■ TASK DIRECTIONS
Copy the lines below exactly. Start at the first and finish with the line containing "takero-shimaza".

■ GIVEN ENTRIES
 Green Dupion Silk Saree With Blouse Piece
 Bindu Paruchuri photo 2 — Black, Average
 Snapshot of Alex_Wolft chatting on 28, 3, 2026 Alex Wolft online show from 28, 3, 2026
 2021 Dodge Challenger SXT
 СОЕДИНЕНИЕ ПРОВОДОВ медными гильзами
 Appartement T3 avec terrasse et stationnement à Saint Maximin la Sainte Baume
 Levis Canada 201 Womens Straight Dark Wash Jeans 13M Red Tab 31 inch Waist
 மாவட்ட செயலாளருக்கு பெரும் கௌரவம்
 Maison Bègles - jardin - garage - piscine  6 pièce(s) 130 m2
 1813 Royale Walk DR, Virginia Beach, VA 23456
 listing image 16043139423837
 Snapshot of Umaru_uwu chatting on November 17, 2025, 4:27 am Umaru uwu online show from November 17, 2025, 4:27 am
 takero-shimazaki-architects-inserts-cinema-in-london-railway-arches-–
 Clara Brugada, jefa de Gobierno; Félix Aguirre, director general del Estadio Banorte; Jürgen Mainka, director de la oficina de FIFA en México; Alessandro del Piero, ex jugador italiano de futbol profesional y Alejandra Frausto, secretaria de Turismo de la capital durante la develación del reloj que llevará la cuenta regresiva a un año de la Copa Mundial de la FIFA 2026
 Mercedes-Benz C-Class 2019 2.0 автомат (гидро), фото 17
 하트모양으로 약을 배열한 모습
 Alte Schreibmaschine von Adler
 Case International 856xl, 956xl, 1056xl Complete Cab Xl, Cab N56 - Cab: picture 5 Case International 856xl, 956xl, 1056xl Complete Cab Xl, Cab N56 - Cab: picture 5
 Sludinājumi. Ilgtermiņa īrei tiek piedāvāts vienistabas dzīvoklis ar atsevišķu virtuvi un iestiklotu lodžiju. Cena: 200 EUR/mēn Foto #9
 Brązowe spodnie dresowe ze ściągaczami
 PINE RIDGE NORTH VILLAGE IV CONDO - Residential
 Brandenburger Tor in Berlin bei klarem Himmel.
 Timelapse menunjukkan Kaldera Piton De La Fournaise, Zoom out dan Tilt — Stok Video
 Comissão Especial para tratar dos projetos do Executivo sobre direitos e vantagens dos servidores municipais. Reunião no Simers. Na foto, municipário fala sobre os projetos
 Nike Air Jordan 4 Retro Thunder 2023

■ REPLY
 Green Dupion Silk Saree With Blouse Piece
 Bindu Paruchuri photo 2 — Black, Average
 Snapshot of Alex_Wolft chatting on 28, 3, 2026 Alex Wolft online show from 28, 3, 2026
 2021 Dodge Challenger SXT
 СОЕДИНЕНИЕ ПРОВОДОВ медными гильзами
 Appartement T3 avec terrasse et stationnement à Saint Maximin la Sainte Baume
 Levis Canada 201 Womens Straight Dark Wash Jeans 13M Red Tab 31 inch Waist
 மாவட்ட செயலாளருக்கு பெரும் கௌரவம்
 Maison Bègles - jardin - garage - piscine  6 pièce(s) 130 m2
 1813 Royale Walk DR, Virginia Beach, VA 23456
 listing image 16043139423837
 Snapshot of Umaru_uwu chatting on November 17, 2025, 4:27 am Umaru uwu online show from November 17, 2025, 4:27 am
 takero-shimazaki-architects-inserts-cinema-in-london-railway-arches-–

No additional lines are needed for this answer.